Computational linguistic assessment of textbooks and online texts by means of threshold concepts in economics

TitleComputational linguistic assessment of textbooks and online texts by means of threshold concepts in economics
Publication TypeArticle de revue
Année de publication2021
AuthorsLücking, Andy, Sebastian Brückner, Giuseppe Abrami, Tolga Uslu, and Alexander Mehler
JournalFrontiers in Education
PaginationArticle 578475

The ongoing digitalization of educational resources and the use of the internet lead to a steady increase of potentially available learning media. However, many of the media which are used for educational purposes have not been designed specifically for teaching and learning. Usually, linguistic criteria of readability and comprehensibility as well as content-related criteria are used independently to assess and compare the quality of educational media. This also holds true for educational media used in economics. This article aims to improve the analysis of textual learning media used in economic education by drawing on threshold concepts.
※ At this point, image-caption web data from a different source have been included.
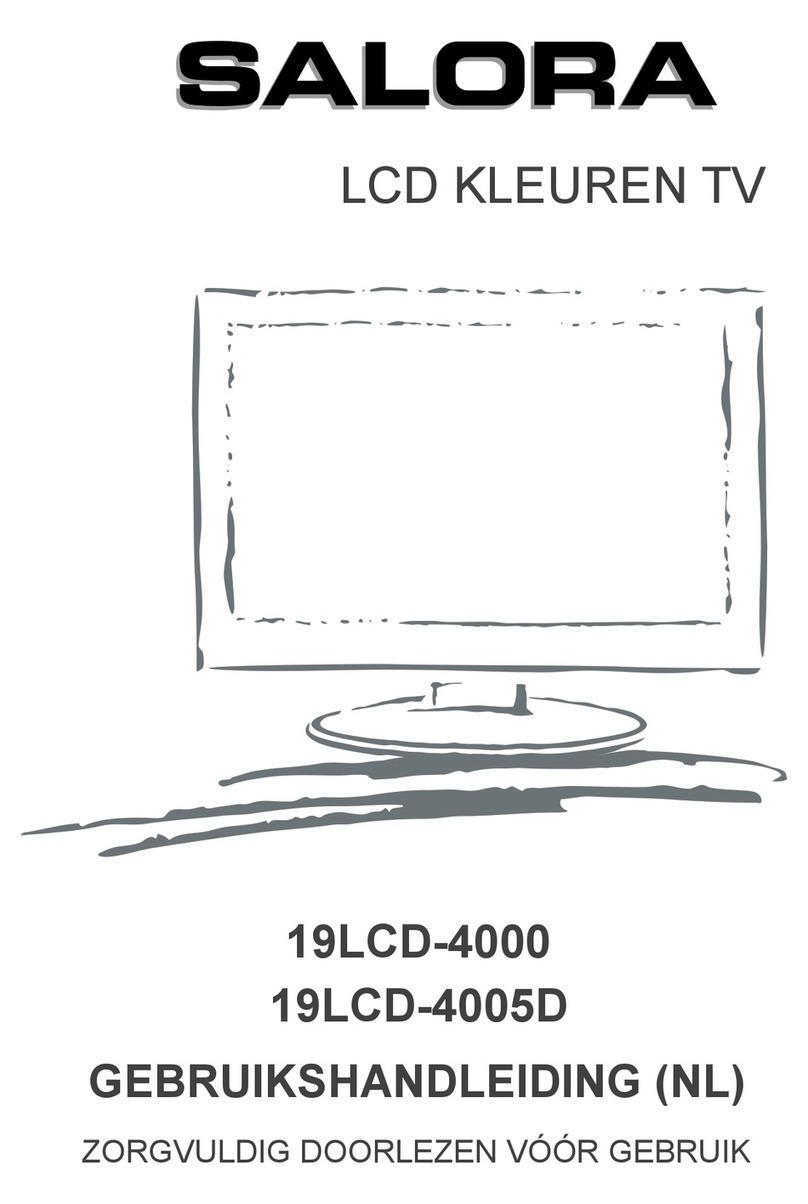 Salora 19LCD-4000 User manual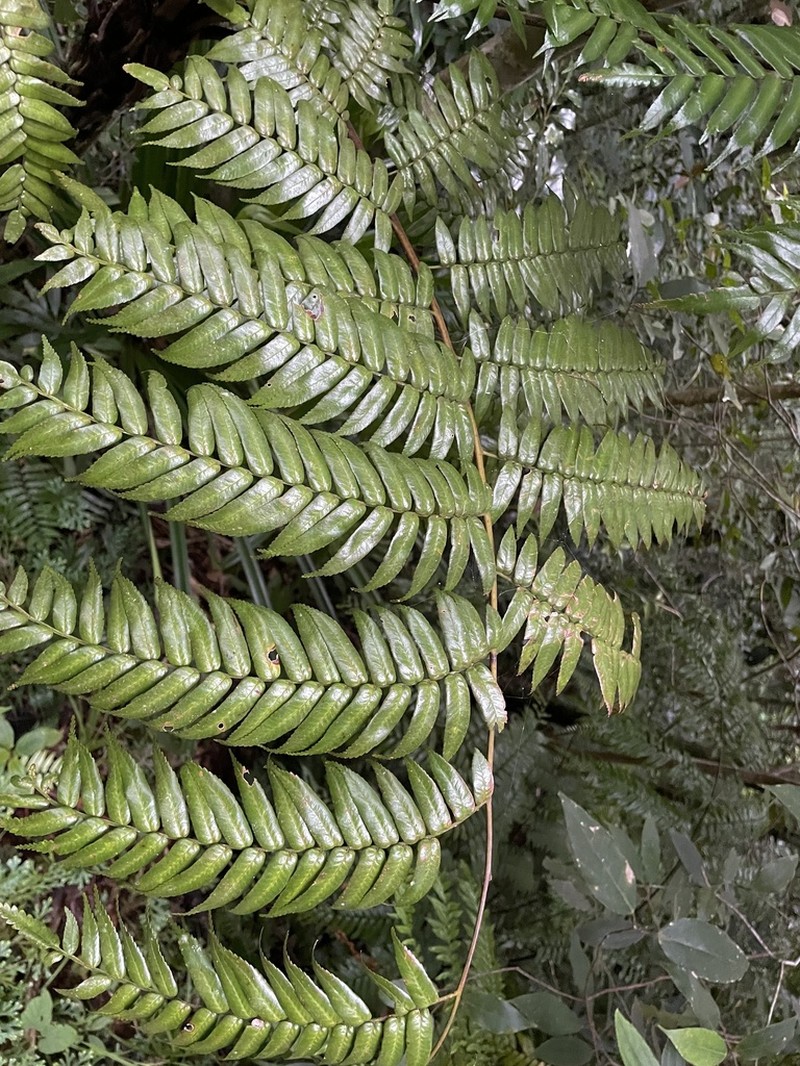 Gymnosphaera rebeccae photo 7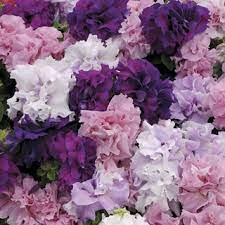 Plant does not set seed, flowers are sterile, or plants will not come true from seed. Double Cascade Hybrid Mix Petunia Seeds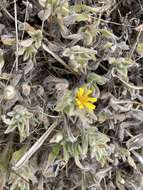 Image of sessileflower false goldenaster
Threshold concepts are key terms in knowledge acquisition within a domain. From a linguistic perspective, however, threshold concepts are instances of specialized vocabularies, exhibiting particular linguistic features. In three kinds of (German) resources, namely in textbooks, in newspapers, and on Wikipedia, we investigate the distributive profiles of 63 threshold concepts identified in economics education (which have been collected from threshold concept research). We looked at the threshold concepts’ frequency distribution, their compound distribution, and their
network structure within the three kinds of resources. The two main findings of our
analysis show that firstly, the three kinds of resources can indeed be distinguished in
terms of their threshold concepts’ profiles. Secondly, Wikipedia definitely shows stronger associative connections between economic threshold concepts than the other sources. We discuss the findings in relation to adequate media use for teaching and learning—not only in economic education.